The market is so hot, in fact, that some even starting throwing around the dreaded B-word (bubble, that is) when referencing the city’s market.

Earlier this year, a study from Nationwide Mutual Insurance Company ranked Dallas-Plano-Irving, Texas in its bottom 10 unhealthy markets, in terms of housing affordability.

However one of HousingWire’s readers, Matt Maison, Arbor Commercial Mortgage director of research and analysis, insisted that there was a significant difference between Dallas, and the city used for comparison, San Francisco.

Economic views show highest division

Consumers are now more confident in the economy than they have been in the previous 12 years.

The Index of Consumer Sentiment increased 0.3% from December to 98.5 in January, according to the Survey of Consumers conducted by the University of Michigan. This marks an increase of 7.1% from January of last year.
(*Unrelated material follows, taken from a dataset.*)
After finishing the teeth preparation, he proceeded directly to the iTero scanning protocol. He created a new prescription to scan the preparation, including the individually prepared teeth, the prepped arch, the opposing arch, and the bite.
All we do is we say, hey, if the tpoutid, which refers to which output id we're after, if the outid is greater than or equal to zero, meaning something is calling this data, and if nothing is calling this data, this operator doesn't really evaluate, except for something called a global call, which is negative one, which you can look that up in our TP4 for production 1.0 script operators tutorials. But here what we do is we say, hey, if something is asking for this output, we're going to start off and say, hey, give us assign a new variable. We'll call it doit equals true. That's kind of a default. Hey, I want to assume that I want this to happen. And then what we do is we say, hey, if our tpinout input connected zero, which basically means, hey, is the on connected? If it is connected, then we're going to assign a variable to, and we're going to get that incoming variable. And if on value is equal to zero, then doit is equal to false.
“Consumers expressed a higher level of confidence January than any other time in the last dozen years,” Surveys of Consumers Chief Economist Richard Curtin said. “The post-election surge in confidence was driven by a more optimistic outlook for the economy and job growth during the year ahead as well as more favorable economic prospects over the next five years.”

This is a turnaround from the decrease at the start of the month, when the index slipped down to 98.1.
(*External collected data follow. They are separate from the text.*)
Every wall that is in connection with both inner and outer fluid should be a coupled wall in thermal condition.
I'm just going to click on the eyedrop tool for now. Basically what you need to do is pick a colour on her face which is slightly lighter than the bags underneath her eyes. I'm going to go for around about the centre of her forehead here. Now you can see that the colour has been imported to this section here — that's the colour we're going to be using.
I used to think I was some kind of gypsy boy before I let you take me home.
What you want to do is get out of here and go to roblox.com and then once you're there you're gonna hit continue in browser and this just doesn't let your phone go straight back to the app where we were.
The Current Economic Conditions slipped 0.5% from December, but was still up 4.6% from last year.

“Consumers also reported much more positive assessments of their current financial situation due to gains in both incomes and household wealth, and anticipated the most positive outlook for their personal finances in more than a decade,” Curtin said.
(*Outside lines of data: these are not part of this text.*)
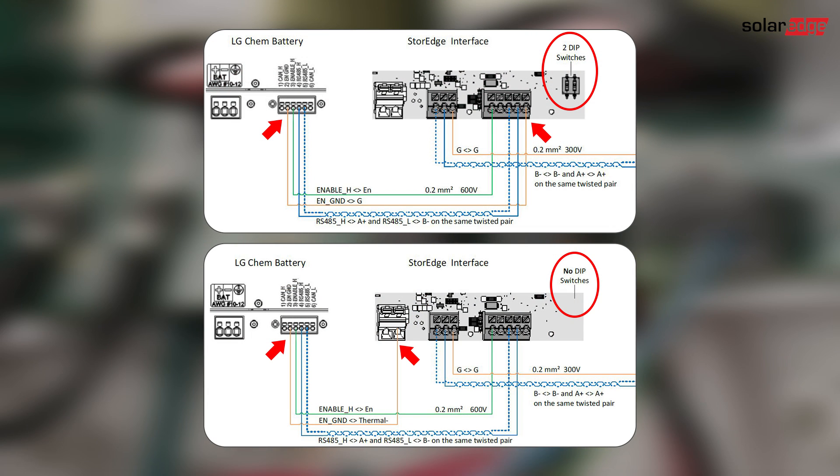Note that in interface S1, the battery ground connects to thermal minus.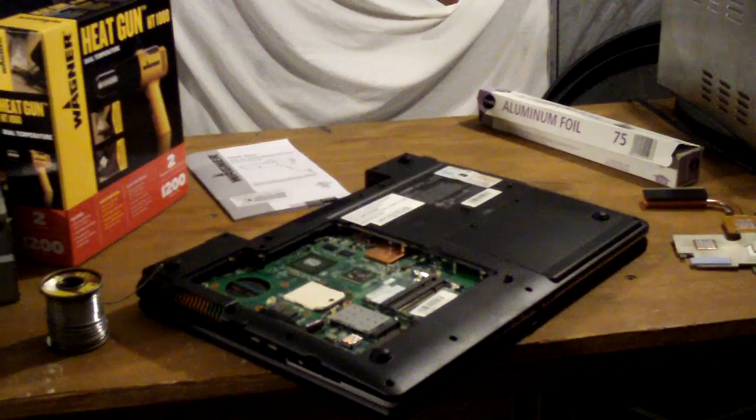This is Shane with That'sItGuys.com. Today I'll be doing a video repair guide for the Everex XT5300T, and this will also work on other models, such as the XT5000T and several others that we'll have listed below.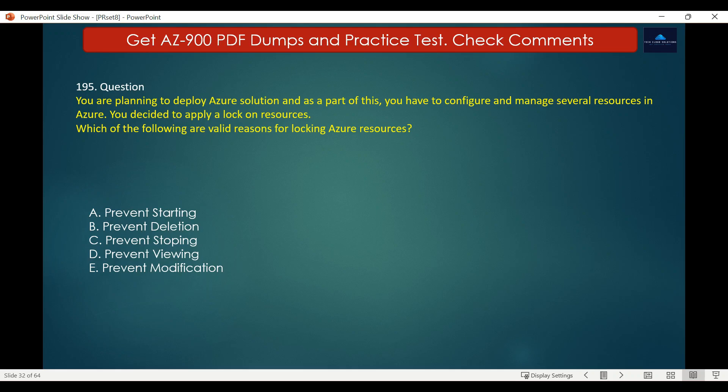Question number 195. You are planning to deploy an Azure solution and have to configure and manage several resources in Azure. You decided to apply a lock on resources. Which of the following are valid reasons for locking Azure resources? Options are: A. Prevent Starting, B. Prevent Deletion, C. Prevent Stopping, D. Prevent Viewing, E. Prevent Modification. The correct answers are Prevent Deletion and Prevent Modification.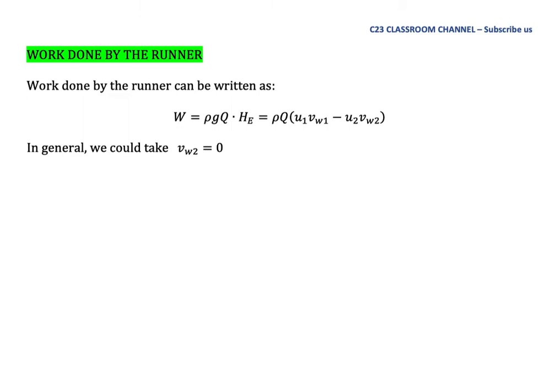Work done by the runner can be written as W = ρgQ·H_Euler. It also can be written as ρq(u1·Vw1 - u2·Vw2). In general, we could take the whirl velocity at the outlet, Vw2, equal to zero.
“Consumers have become more convinced that the stronger economy would finally prompt the Fed to increase interest rates at a quicker pace, which caused one-in-five consumers to favor borrowing-in-advance of anticipated increases in mortgage rates, the highest level in more than twenty years,” he said.

The Index of Consumer Expectations also increased by 0.9% from last month’s 89.5 and up 9.2% from 82.7 last year to 90.3 in January.

An article by Jill Mislinski for Advisor Perspectives explains what this means historically:

The Michigan average since its inception is 85.4. During non-recessionary years the average is 87.6. The average during the five recessions is 69.3.

“Overall, the post-election surge in consumer confidence was based on political promises, and not, as yet, on economic outcomes,” Curtin said. “Moreover, over the past half century the surveys have never recorded as dominant an impact of partisanship on economic expectations.”

Sales transactions increase for the year

The total value of homes sold up North in 2016 increased significantly, according to a report from the Northwest Multiple Listing Service.

Closed sales increased to 95,500 during 2016, an increase of 8.1% from the previous year’s 88,331 closed sales, according to the report, which covers 23 counties in and around Washington state.

Not only were more homes sold, they were sold at a higher price. Total sales in 2016 came in at a value of $40.3 billion, an increase of 18.2% from the previous year.

That is due, in part, to the median sales price increase of 8.9% to $337,500, up from $310,000 last year. However, home prices varied across counties from $102,500 in Ferry County to $489,000 in King County.

All counties, with the exception of Ferry County, showed year-over-year gains in home prices in 2016.

The largest share of homes sold was in the range of $150,000 to $300,000 at 34% of total home sales. Another third of home sales fell in the range of $300,000 to $500,000 and the smallest share was 7% for homes valued under $150,000.

However, new homes are not coming on to the market to replace those sold. Inventory shortages continued to plague the area in 2016, averaging only 1.86 months’ inventory. This is down from the previous year’s average of 2.4 months. In fact, November saw a new low for home inventory in the Northwest.

In general, industry analysts claim a range of four to six month is an indicator of a balanced market, favoring neither buyers nor sellers.

High-end sales surged in 2016 to 3,251 sales of single-family homes priced at $1 million or more. It is up at least 21% from 2015’s 2,676 luxury sales.